Severity extracted with & 7 is mathematically always 0–7, so ERR_PRI_004 cannot originate inside decode_pri; it is reserved for an enrichment stage that overwrites severity from a parsed application field and must re-validate the override.

Operational Notes

  • CPU profile. Decoding is a single anchored regex match plus two bit operations — roughly 1–2 microseconds per line on a modern core. The regex is the only meaningful cost; keeping PRI_PATTERN module-level (compiled once) keeps the hot path flat under millions of events per second.

  • Memory. PriResult is a frozen dataclass with five small fields; it adds no per-event allocation pressure beyond the queue entry. Cap each asyncio.Queue with maxsize in production so an overloaded consumer applies backpressure instead of growing the heap unbounded.

  • Safe batch sizes. When draining queues into a downstream sink, batch severity 6–7 archive writes at 500–1000 events and flush severity <= 2 immediately (batch size 1) so critical alerts never wait on a buffer.

  • Vendor quirks. Cisco ASA emits standard PRI but encodes its own severity inside the message body (%ASA-6-...); trust the PRI byte for routing, not the in-message digit, unless you have explicitly validated they agree. Some appliances reuse facility 13–15 for non-standard purposes — confirm against vendor docs before treating those as the IANA-registered audit/alert/clock facilities.

  • Edge pre-filter (optional). Dropping obviously malformed PRI at the collector saves the Python stage from junk. An rsyslog RainerScript guard quarantines lines that lack a valid leading PRI before forwarding:

    # rsyslog: quarantine lines without a 1–3 digit PRI, then stop
    if not re_match($rawmsg, "^<[0-9]{1,3}>") then {
      action(type="omfile" file="/var/log/syslog-quarantine.log")
      stop
    }
    

    Normalized PRI output should align with JSON event normalization so severity_id and facility_name become first-class fields, and routing thresholds should match the threshold tuning strategies used downstream. NIST SP 800-92 covers the broader log-management context for these retention and routing tiers.

Verification Checklist

FAQ

Should I trust the PRI byte or the severity digit inside the message?

Trust the PRI byte for routing. It is the transport-level priority every RFC-compliant relay preserves, and severity = PRI & 7 is unambiguous. Vendor in-message digits (like Cisco’s %ASA-6-) are application conventions that can drift from the PRI, be remapped by intermediate devices, or be absent entirely. If you need the application severity, parse it into a separate field and reconcile it explicitly rather than letting it silently override the byte.

What is the maximum legal PRI value, and why reject anything above it?

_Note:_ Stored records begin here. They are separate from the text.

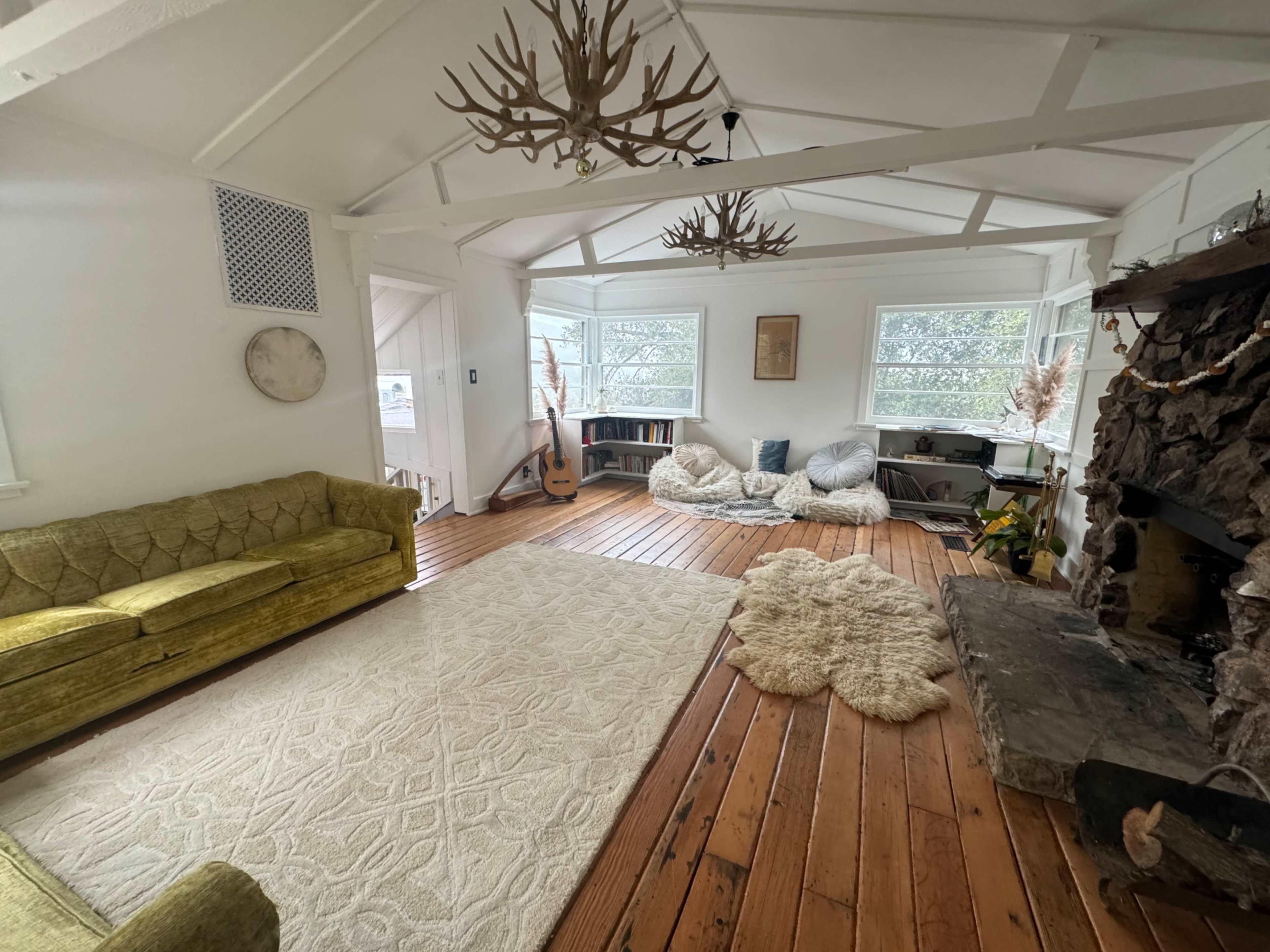 The image shows a cozy living room with a green sofa, large windows, a stone fireplace, and seating areas made of soft cushions and rugs on wooden flooring.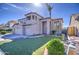 Stunning two-story home featuring a three-car garage and desert landscaping at 13236 N 13Th St, Phoenix, AZ 85022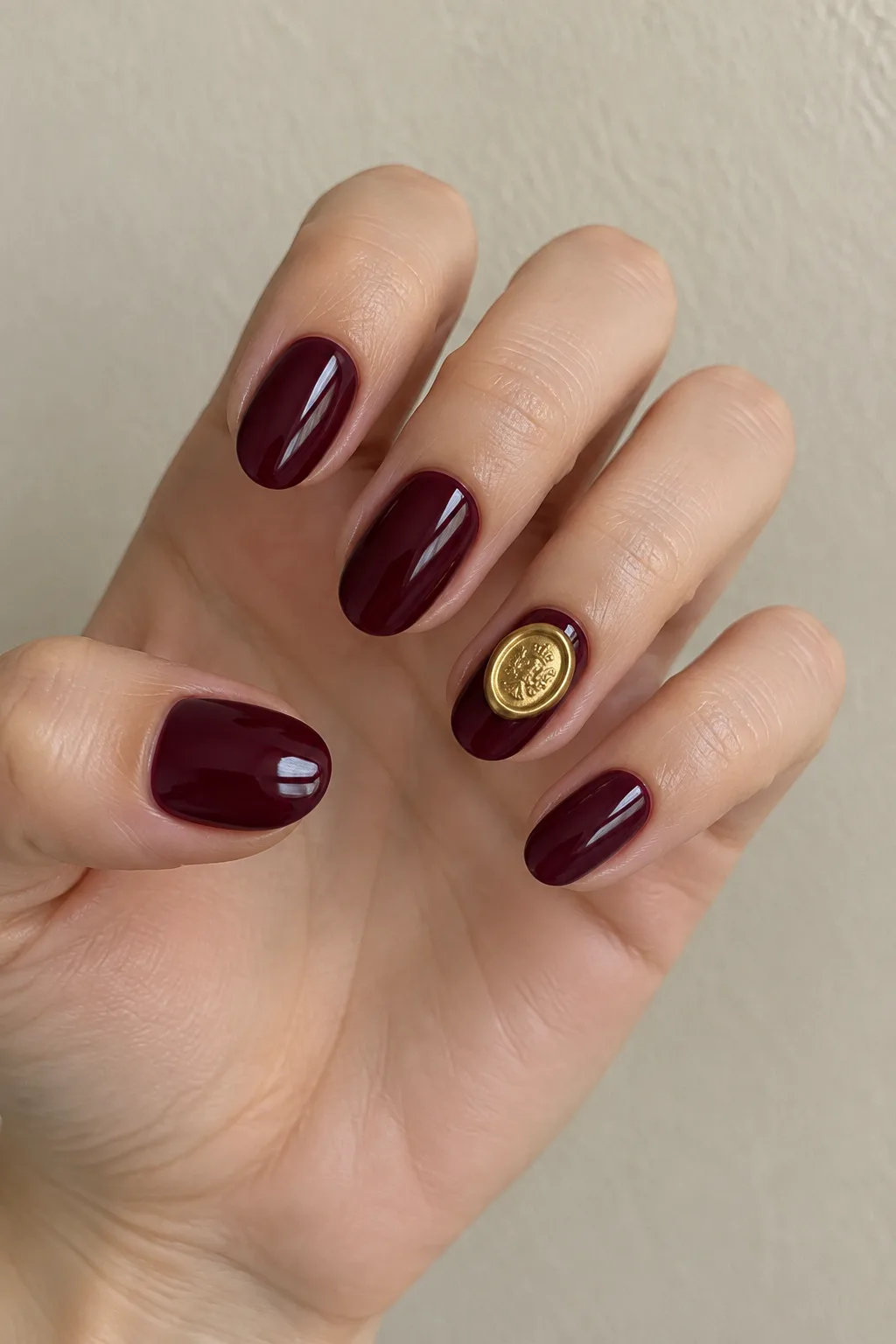 Gold wax seal accent on wine dark red fall nails, round shape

The maximum is 191, computed as (23 << 3) | 7 — facility local7 (23) with severity debug (7). Any value above 191 cannot be a valid facility/severity pair, so it almost always means the field is carrying something else: a truncated header, a sequence number, or binary noise. Rejecting it with ERR_PRI_002 keeps that garbage out of the severity-routing logic instead of letting it decode into a nonsensical facility.

Why use a regex with a digit-length bound instead of just int()?

int("00134") happily returns 134, hiding a malformed zero-padded PRI that a strict parser should flag. The anchored ^<(\d{1,3})> pattern enforces both the framing (leading <...>) and the legal width (1–3 digits) before any conversion, so padded, oversized, or marker-less lines are caught as ERR_PRI_001 rather than silently normalized. The regex is the validation gate; int() alone is not.